■ **REQUIRED ACTION**
For any picture in the lines below, please leave it out and copy the rest exactly.

■ **COLLECTED DATA**

========

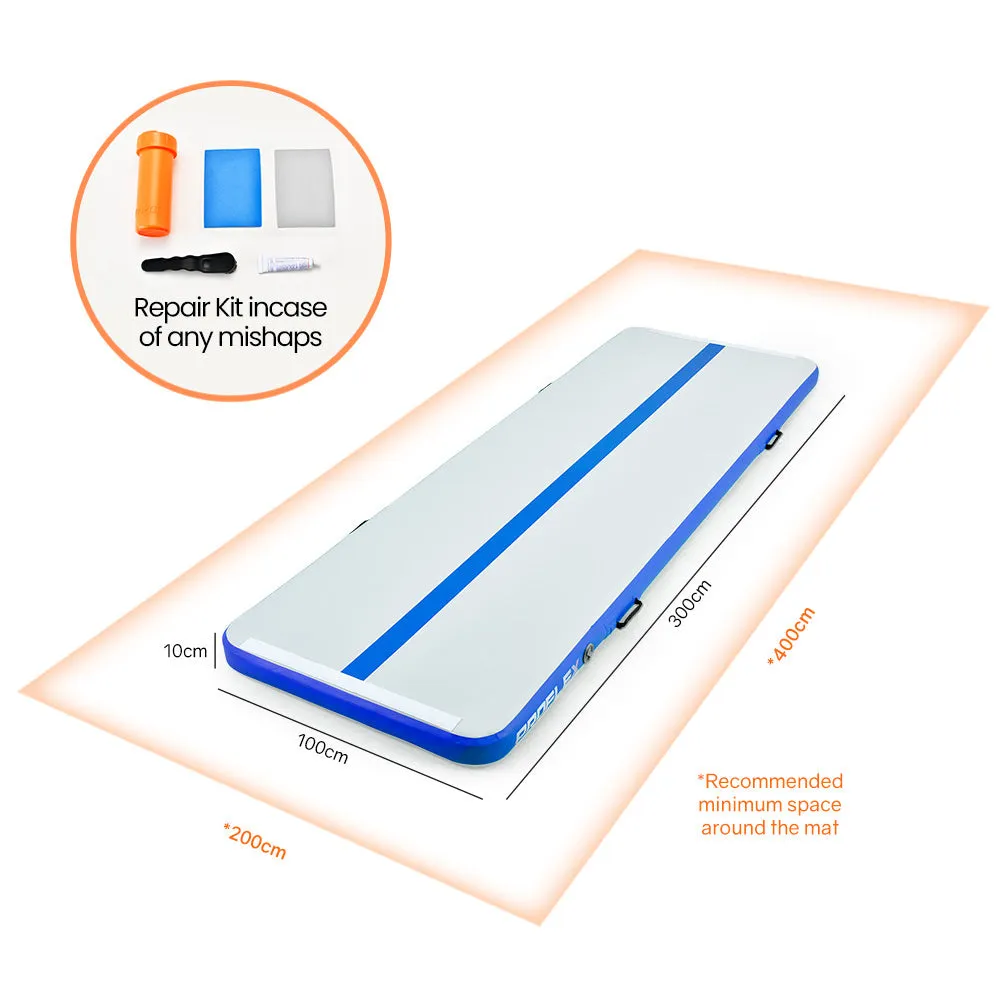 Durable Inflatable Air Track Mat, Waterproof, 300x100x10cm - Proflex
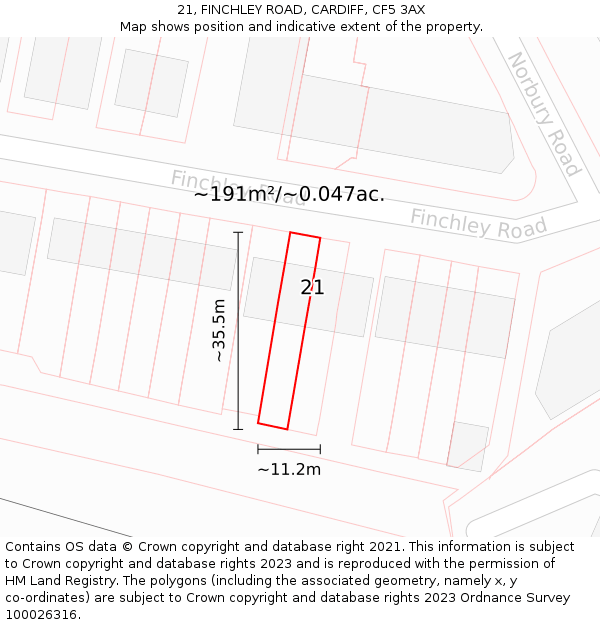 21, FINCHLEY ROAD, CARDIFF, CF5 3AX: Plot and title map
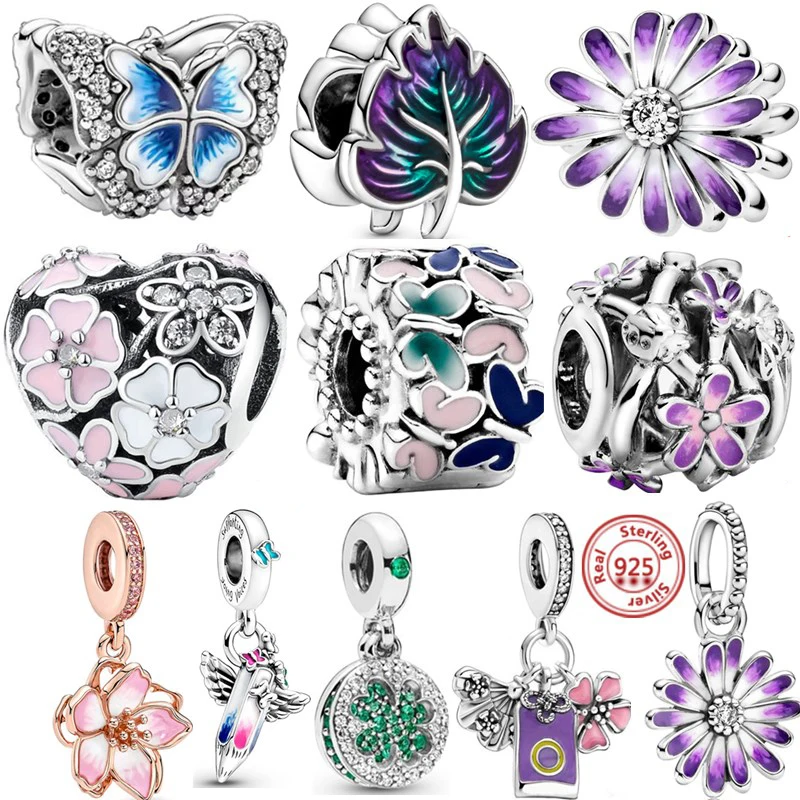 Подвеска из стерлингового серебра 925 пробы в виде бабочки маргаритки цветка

========

■ **WORKED SOLUTION**
 Durable Inflatable Air Track Mat, Waterproof, 300x100x10cm - Proflex
 21, FINCHLEY ROAD, CARDIFF, CF5 3AX: Plot and title map
 Подвеска из стерлингового серебра 925 пробы в виде бабочки маргаритки цветка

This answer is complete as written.